Course Page for Fall 2014 - Leachman, Gwen
The first semester of Labor Relations Law, usually offered in the Fall and often referred to as "Labor and Employment Law" is the basic introductory labor course. This course provides a basic introduction to labor and employment law. One goal is to familiarize students with the major rules regulating the terms and conditions of work, including in the area of labor management relations laws, contract law, torts, workers compensation acts, the Fair Labor Standards Act, the Occupational Safety and Health Act. Yet instead of examining these areas of law separately according to their doctrinal categorization, this course is organized topically, around the major issues where employee and employer interests tend to conflict. The interests we examine in some detail include: job security (individual and collective), privacy interests, employee voice and speech rights, the regulation of wages and hours, health and safety, and enforcement options (including court action, administrative enforcement, and arbitration). By examining the law of work through the lens of these interests, the course aims to illustrate how the rules overlap and relate to one another, fostering a more holistic understanding of the multiple legal structures governing the workplace.
A more detailed examination of these and other areas of labor law is provided in a number of advanced courses and seminars, for which "Labor and Employment Law" (the Fall component of Law 745: Labor Relations Law) is a prerequisite. These advanced courses include: "Labor Relations II" (the Spring component of Law 745); Protective Labor Law; and Arbitration. Courses are also offered in Equal Employment Law and the Employee Retirement Income Security Act (ERISA), for which "Labor and Employment Law" is not a prerequisite.

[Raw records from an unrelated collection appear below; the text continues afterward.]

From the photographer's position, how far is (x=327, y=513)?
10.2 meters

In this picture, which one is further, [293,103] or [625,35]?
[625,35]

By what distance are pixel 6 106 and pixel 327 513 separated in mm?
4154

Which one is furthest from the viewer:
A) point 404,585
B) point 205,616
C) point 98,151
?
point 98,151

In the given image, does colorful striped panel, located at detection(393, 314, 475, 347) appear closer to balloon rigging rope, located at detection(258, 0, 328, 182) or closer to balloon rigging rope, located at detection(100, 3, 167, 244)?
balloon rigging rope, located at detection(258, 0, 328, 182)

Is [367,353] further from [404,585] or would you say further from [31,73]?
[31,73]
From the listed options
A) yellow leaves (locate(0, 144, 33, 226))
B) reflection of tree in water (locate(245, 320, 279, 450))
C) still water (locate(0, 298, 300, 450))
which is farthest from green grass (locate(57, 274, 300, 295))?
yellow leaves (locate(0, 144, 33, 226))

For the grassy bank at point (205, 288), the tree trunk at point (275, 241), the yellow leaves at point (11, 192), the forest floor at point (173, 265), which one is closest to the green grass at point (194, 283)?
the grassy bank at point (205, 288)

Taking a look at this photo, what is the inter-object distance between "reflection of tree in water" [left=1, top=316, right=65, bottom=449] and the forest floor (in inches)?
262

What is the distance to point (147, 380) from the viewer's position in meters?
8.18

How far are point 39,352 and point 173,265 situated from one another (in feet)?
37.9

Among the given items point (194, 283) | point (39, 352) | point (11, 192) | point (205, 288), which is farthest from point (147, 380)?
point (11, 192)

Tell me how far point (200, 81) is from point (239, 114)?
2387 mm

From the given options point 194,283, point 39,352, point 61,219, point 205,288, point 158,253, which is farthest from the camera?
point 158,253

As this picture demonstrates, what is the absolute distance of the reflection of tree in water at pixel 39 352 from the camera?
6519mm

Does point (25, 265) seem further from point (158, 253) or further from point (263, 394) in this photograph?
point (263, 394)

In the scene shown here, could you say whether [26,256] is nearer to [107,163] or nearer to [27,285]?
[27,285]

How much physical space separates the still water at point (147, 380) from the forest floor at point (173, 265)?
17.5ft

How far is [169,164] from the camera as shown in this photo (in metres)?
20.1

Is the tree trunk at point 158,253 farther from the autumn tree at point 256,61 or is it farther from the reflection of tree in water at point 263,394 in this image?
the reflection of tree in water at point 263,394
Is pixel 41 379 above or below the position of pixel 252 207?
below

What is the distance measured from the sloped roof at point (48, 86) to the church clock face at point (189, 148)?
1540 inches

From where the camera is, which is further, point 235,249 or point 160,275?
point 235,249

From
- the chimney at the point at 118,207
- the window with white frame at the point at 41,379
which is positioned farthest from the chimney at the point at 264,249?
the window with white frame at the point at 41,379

The second semester of this course, usually offered in the Spring and often referred to as "Labor Relations II" is a detailed examination of the National Labor Relations Act and the Railway Labor Act with an emphasis on representation issues, collective bargaining, protection of individual rights, enforcement of the collective bargaining agreement and regulation of economic weapons used by both management and labor. Student grade is based on completion of simulation assignments based on the typical labor law practice.